All of this is inarguably absurd. Most people who run primarily on roads rarely if ever cover a one-mile stretch of asphalt that picks up 330 or more feet of elevation. Sustained road grades in excess of six percent aren’t even that easy to find in most U.S. states. let alone run up. It is therefore not difficult to see why this march into the maw of masochism is a massive draw to ultramarathon runners. It’s not just the allure of inescapable pain; according to some, no spot on Earth reasonably safe for running offers better summertime views than the Alps.
Trail Runner decided to honor this year’s marquee contest, which starts on September 1, with extremely challenging coverage. In fact, this coverage seems structured in a way to leave the majority readers unable to complete it. Just as a runner needs unusual levels of both fitness and determination to have any hope of even completing the punishing UTMB layout, which explores portions of the Alps in Switzerland and Italy as well as those in France, a reader has to be both laser-focused and adroit just to negotiate these articles without incurring a migraine.
Below is a snapshot of part of the Trail Runner homepage, created at just before 4:20 p.m. U.S. Stoner Daylight Time this afternoon. The site’s two most recently posted articles at that juncture were allegedly a guide to this year’s UTMB and a guide to last year’s UTMB.
Clicking on the link to the purported 2023 UTMB guide leads to a page that looks like the image below. One can, if adventurous, scroll down and see a veritable cornucopia of other titles related to the event.
Clicking on the image-link to Trail Runner editor-in-chief Zoe Rom’s story does in fact produce the loading of a page containing an article titled “Trail Runner’s Guide to UTMB 2023” with a publication date of August 14, 2023. So far, so good.
But a couple of paragraphs in, I was shartled (i.e., somewhere between startled and shocked) to see that Courtney Dauwalter had supposedly turned down the chance to win her third straight UTMB, especially given that I recalled the 2022 female UTMB winner being an American, but not someone surnamed Dauwalter.
Well, for once in my life, I was right and someone at Trail Runner was wrong. Finally!

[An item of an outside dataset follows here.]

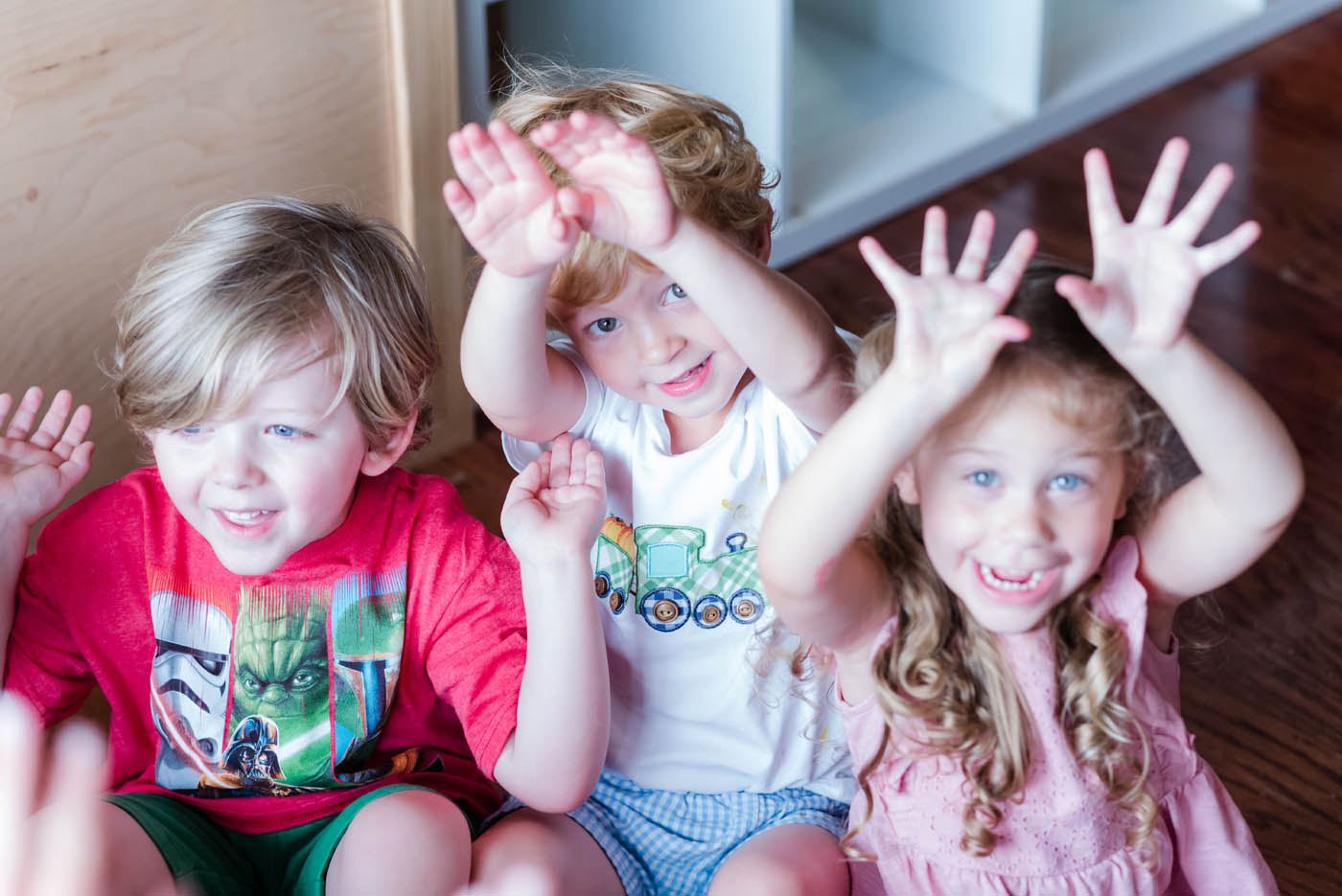 Kids rasing their hands during a game at Kids Garden.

Obviously, Trail Runner’s “2023” guide is from a year ago. And clicking on the second link on the home page, “Trail Runner’s Ultimate Guide to UTMB 2022,” leads to the same 2022 guide. But while this retains the correct year, it’s still confusing to people hunting for whatever reason for last year’s guide, because the article has yesterday’s date at the top of it.
Meanwhile, clicking on the text that reads “from OUTSIDE ONLINE” in the 2022 guide leads to a different preview by Rom of the 2022 UTMB event. Fittingly, the title includes the phrase “Trail Runner’s guide,” even though this piece is—for those with short memories—purportedly “from OUTSIDE ONLINE.”

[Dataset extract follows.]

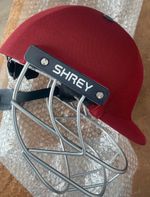 shrey cricket helemt in maroon. Junior size, new and in box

For those more interested in straight-up UTMB coverage than in solving editorial mysteries, RUN247 has a comprehensive post about the races, which I’ll have forgotten exist well before they comes to pass in just over two weeks.
As always, I have to marvel at the dynamic established by the most prominent female employees or favorites of today’s running media. Rom, Alison Desir, and Emilia Benton are only a few of the women who have repeatedly executed the following Wokish script since early 2020 or so:
Publicly derogate white males as a category (okay, okay, you caught me; sometimes the target is all white people) without apology, consequence, or pushback from within the industry;
Declare yourself part of a sociological, aerobic, scientific, literary, and vocational revolution;
Ignore, to the fullest extent possible, the white male(s) and others who demonstrate(s) not just glaring insufficiencies but galactic incompetence in all of the areas you claim to be revolutionizing, often packaging their criticism with exaggerated, piss-taking, misogynistic, race-baiting, fat-bashing. ass-gnashing triumph (i.e., while speaking your language);
Repeat—despite an increasingly crippling burden of poorly concealed shame— every one of the steps above, often even doubling down on your “I RULE!!!” stance in your social-media bubbles; after all, the checks from the grifting keep rolling in, and you can generally point to a host of people in the industry more degraded than yourself even if you’re an inarticulate, intellectually lazy-to-enfeebled, craven blob of false bravado.